As Americans and people of faith, we believe standing with these teachers and young people, praying for them, and taking action on their behalf is a matter of urgent moral concern.
School districts in Texas and across the country have hired teachers covered by DACA on the condition that they renew their work permit every two years, as the program requires. But last September, after President Trump announced he was shutting down DACA, these teachers suddenly found the safety and security the program had offered up in the air.
“I try to remain positive and compose myself every day with my students,” says Maria Rocha, a teacher in San Antonio, TX, “because I talk to them about their future and yet I don’t know my own.”
DPS was the first school district in the nation to hire teachers under Deferred Action for Childhood Arrivals, said DPS Superintendent Tom Boasberg. Many are outstanding teachers who relate well to students new to the United States, he said, and deporting them would be “catastrophic for DPS and the city of Denver.”
“The DACA program has helped bring wonderfully talented and critically needed teachers to our classrooms and has provided peace of mind and legal status to thousands of immigrant children and families who make our city and our schools great,” Boasberg said.
With Rollback of DACA, ‘Dreamers’ in U.S. Schools Prepare for a Fight via Education Week
The day after the Trump administration’s announcement to rescind DACA, an Obama-era program that shields some young immigrants from deportation, high school math teacher Jose Gonzalez—an undocumented immigrant himself—faced classrooms full of middle school students terrified that either they or relatives could face immediate deportation.

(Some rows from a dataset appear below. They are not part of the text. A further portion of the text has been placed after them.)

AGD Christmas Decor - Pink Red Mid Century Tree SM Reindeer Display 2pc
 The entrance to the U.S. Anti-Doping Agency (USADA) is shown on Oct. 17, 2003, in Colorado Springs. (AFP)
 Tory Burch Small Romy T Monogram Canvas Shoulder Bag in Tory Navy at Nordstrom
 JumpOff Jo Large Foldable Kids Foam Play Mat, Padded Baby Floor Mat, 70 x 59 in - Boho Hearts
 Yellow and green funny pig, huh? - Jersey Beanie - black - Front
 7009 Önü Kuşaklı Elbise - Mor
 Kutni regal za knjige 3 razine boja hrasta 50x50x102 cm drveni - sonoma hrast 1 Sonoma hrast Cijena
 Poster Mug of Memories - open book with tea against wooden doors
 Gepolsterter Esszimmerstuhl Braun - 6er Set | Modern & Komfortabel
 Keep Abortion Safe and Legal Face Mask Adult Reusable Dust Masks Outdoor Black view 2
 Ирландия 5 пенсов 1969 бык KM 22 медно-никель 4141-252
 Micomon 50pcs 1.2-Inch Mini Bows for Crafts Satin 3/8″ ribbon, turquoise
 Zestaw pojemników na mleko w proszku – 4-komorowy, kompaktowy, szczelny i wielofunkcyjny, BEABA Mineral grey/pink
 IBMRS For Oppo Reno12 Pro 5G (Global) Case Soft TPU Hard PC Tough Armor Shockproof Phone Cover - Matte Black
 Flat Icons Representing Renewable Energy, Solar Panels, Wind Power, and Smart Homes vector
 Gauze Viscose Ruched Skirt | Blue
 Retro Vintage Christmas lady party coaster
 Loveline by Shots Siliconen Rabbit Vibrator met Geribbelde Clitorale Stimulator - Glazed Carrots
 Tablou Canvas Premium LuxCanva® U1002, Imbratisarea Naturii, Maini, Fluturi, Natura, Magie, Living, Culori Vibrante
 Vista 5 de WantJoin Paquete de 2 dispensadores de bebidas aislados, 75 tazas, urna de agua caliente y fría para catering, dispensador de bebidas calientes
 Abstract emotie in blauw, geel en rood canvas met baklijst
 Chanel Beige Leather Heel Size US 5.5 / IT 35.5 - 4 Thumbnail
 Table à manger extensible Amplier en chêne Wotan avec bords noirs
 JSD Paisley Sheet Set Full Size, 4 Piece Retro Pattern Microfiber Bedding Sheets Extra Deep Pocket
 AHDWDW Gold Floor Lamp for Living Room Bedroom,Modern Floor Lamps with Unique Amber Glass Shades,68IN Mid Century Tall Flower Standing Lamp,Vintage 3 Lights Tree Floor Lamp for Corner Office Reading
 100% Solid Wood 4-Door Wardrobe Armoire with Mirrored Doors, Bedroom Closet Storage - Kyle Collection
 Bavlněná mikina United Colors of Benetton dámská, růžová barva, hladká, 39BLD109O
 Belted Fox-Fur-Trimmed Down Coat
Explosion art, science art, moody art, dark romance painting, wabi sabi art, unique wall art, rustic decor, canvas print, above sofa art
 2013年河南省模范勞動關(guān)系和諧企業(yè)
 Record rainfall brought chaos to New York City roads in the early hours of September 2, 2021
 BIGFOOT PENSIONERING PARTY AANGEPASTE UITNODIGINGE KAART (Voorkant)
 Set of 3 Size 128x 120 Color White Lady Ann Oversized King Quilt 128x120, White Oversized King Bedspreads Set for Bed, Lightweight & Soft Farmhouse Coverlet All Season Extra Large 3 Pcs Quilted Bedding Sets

Roughly 250,000 school-age children have become DACA-eligible since President Barack Obama began the program five years ago, the Washington-based Migration Policy Institute estimates.
One thing to read this week…
American Dreamers via The New York Times
“In August 2015, I started teaching. I also met the man that would become the love of my life. I had a new life in a new state and I was all by myself for the first time ever, and I couldn’t be more excited.
I’ve been teaching middle school since then, and I love it. My kids are amazing. They drive me nuts on any given day, but I love them.
DACA gave me my independence back. It’s the single reason I am able to teach, and live on my own, and pay for my car, and feel like I belong in the country I have lived in for 15 years.
Knowing that I could lose all the freedom I’ve gained is a paralyzing fear. I’ve worked so hard, and my life was just coming together, and now it might fall apart again.” – Julia Verzbickis – Teacher from San Antonio, Tex.